(Collected material)
Content starts

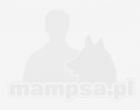 Berneński pies pasterski - Hodowla Tańczące Mgły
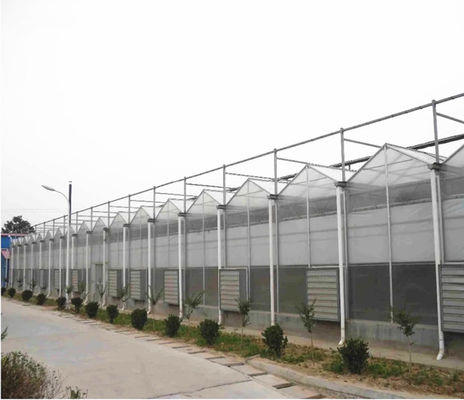 Tomato Grow Agriculture Greenhouses Manufacturers in Venlo Style with PC Sheet Cover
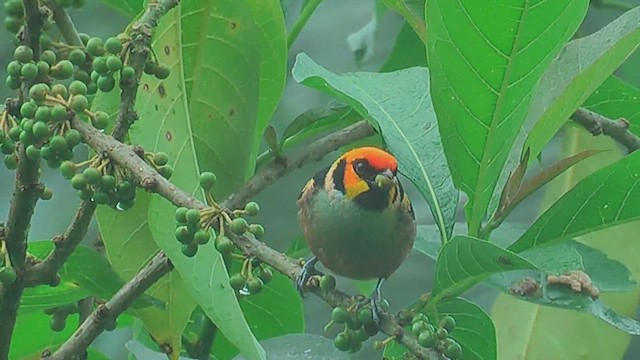 Flame-faced Tanager - ML629990269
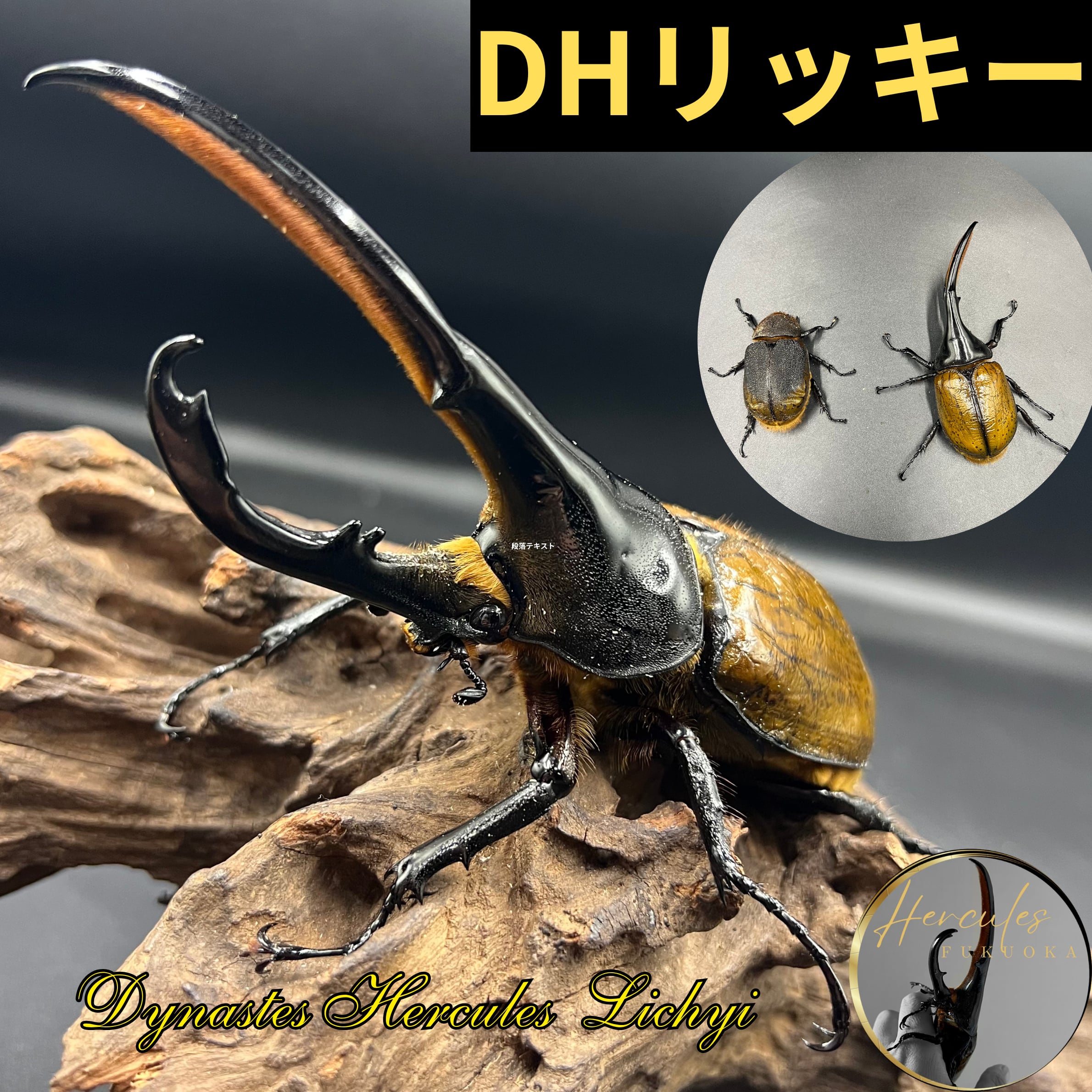 即ブリ！ OAKS ヘラクレスヘラクレス (T115×T117) ♀メス単品 検索用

Content ends

(What to produce)
Transcribe the lines above exactly, setting aside any picture among them.

(Finished task)
 Berneński pies pasterski - Hodowla Tańczące Mgły
 Tomato Grow Agriculture Greenhouses Manufacturers in Venlo Style with PC Sheet Cover
 Flame-faced Tanager - ML629990269
 即ブリ！ OAKS ヘラクレスヘラクレス (T115×T117) ♀メス単品 検索用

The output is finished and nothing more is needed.